Głos starszego mężczyzny, ostry i poirytowany, górował nad zakłóceniami i Coma bez trudu rozróżniła słowa.

WHITBY: …na miłość boską, Robercie, spójrz na statystyki FAO. Pomimo pięcioprocentowego wzrostu wydajności z akra, w ciągu ostatnich piętnastu lat, światowa produkcja pszenicy maleje prawie o dwa procenty. Ta sama historia powtarza się ad nauseam. Dotyczy to wszystkich innych produktów — roślin korzennych i zbożowych, mleka i nabiału, paszy zwierzęcej wszystko spada. Porównaj to z całą masą zjawisk równoległych — od zmian w dziedzinie szlaków migracyjnych do przedłużających się z roku na rok okresów zimowania u zwierząt — i zobaczysz, że ogólna prawidłowość jest nieodwracalna.
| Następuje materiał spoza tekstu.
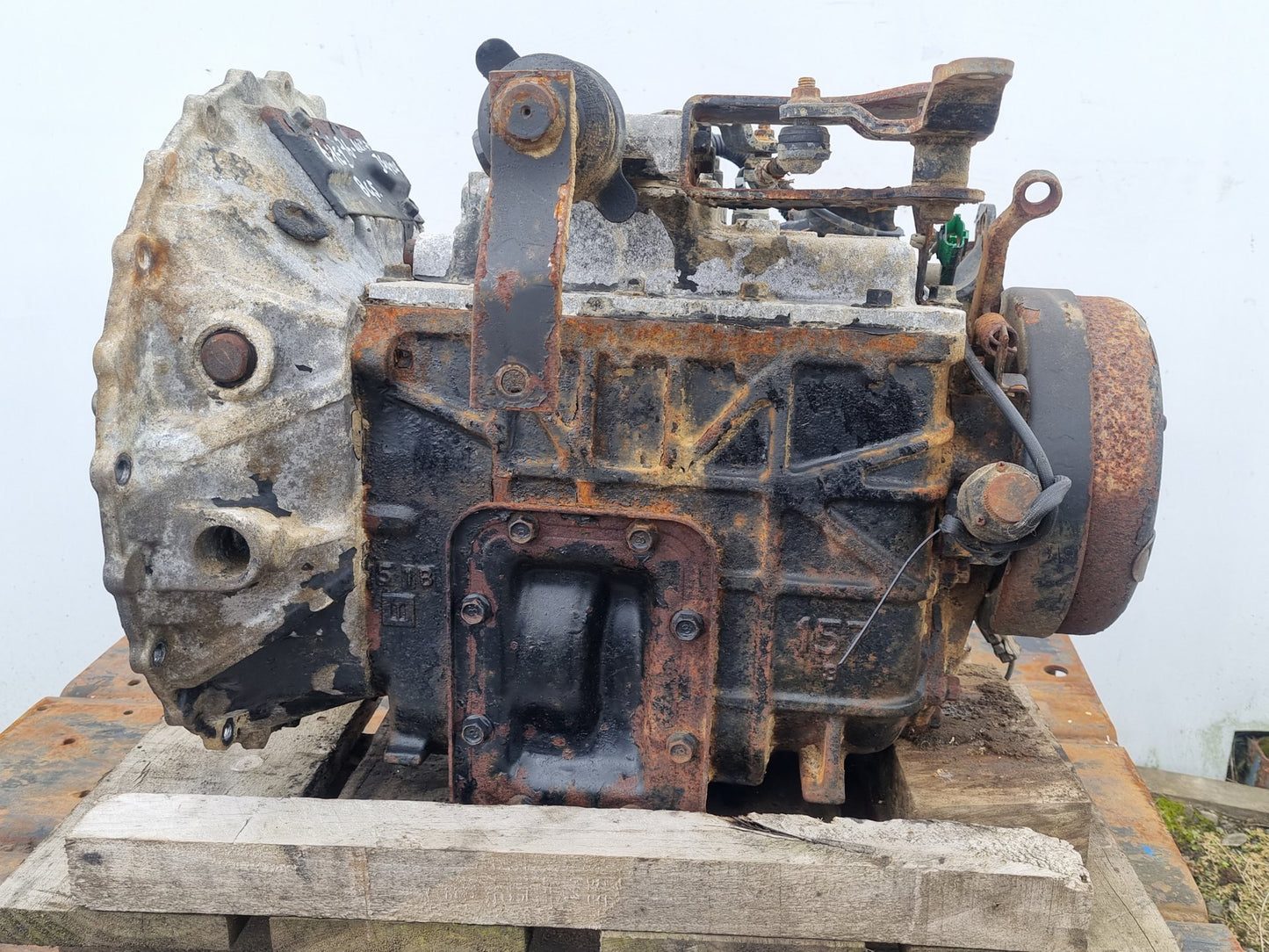 1995 Isuzu N-Series NRR NRR32- Trans/Gearbox PN:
POWERS: Przyrost naturalny w Europie i Ameryce Północnej nie wykazuje żadnej zniżki…

WHITBY: Oczywiście że nie, ale o tym już mówiłem. Minie sto lat, zanim taki ułamkowy spadek w płodności wywrze jakiś wpływ na obszarach, gdzie powszechna kontrola urodzeń tworzy sztuczny rezerwuar. Popatrz na kraje Dalekiego Wschodu, a szczególnie na te, gdzie śmiertelność wśród niemowląt utrzymuje się wciąż na tym samym poziomie. Ludność Sumatry na przykład wykazuje spadek powyżej piętnastu procent w okresie ostatnich dwudziestu lat. Jest to statystycznie znaczący spadek! Czy zdajesz sobie sprawę, że jeszcze dwadzieścia czy trzydzieści lat temu wyznawcy neomaltuzjanizmu krzyczeli o „eksplozji” w przyroście naturalnym. Okazuje się, że nie jest to eksplozja, lecz implozja. Dodatkowym czynnikiem jest…
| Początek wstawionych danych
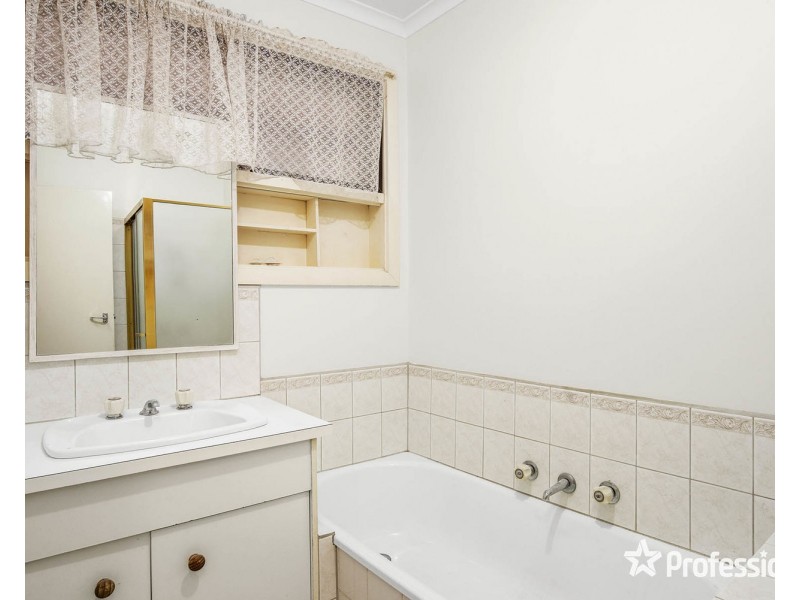 38 Clubpoint Drive, Chirnside Park VIC 3116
W tym miejscu taśma była widocznie przecięta i sklejona. Whitby bardziej już spokojnym głosem mówił:

…tak po prostu, bo mnie to interesuje, powiedz mi, jak długo sypiasz w nocy?

POWERS: Nie wiem dokładnie. Około ośmiu godzin.
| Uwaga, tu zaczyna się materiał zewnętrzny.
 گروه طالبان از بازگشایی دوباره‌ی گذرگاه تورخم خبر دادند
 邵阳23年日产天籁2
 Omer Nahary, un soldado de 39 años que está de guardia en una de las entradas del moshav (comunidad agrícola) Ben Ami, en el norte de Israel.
WHITBY: Przysłowiowe osiem godzin. Zapytaj kogokolwiek, ile czasu zabiera mu spanie, a odpowie automatycznie: osiem godzin. W rzeczywistości sypia około dziesięciu godzin, podobnie jak większość ludzi. Niejednokrotnie sprawdziłem to na sobie. Ja sypiam około jedenastu godzin. A jeszcze trzydzieści lat temu ludzie poświęcali na sen nie więcej niż osiem godzin, a wiek wcześniej sześć czy siedem. W swoich „Żywotach” Yasari pisze, że Michał Anioł spał nie dłużej niż cztery czy pięć godzin na dobę, malując przez cały dzień, i to w wieku osiemdziesięciu lat, a potem jeszcze pracował po nocach przy stole anatomicznym z lampą zawieszoną nad czołem. Teraz uważamy to za coś dziwnego, ale współcześni nic w tym niezwykłego nie widzieli. Jak sądzisz, w jaki sposób starożytni, od Platona do Szekspira, od Arystotelesa do Tomasza z Akwinu, osiągnąć mogli aż tyle w ciągu swego życia? Ponieważ mieli sześć czy siedem dodatkowych godzin czasu na dobę. Oczywiście poza elementem czasu mamy niższy stopień metaboliczny. Dodatkowy czynnik, którego nikt nie bierze pod uwagę.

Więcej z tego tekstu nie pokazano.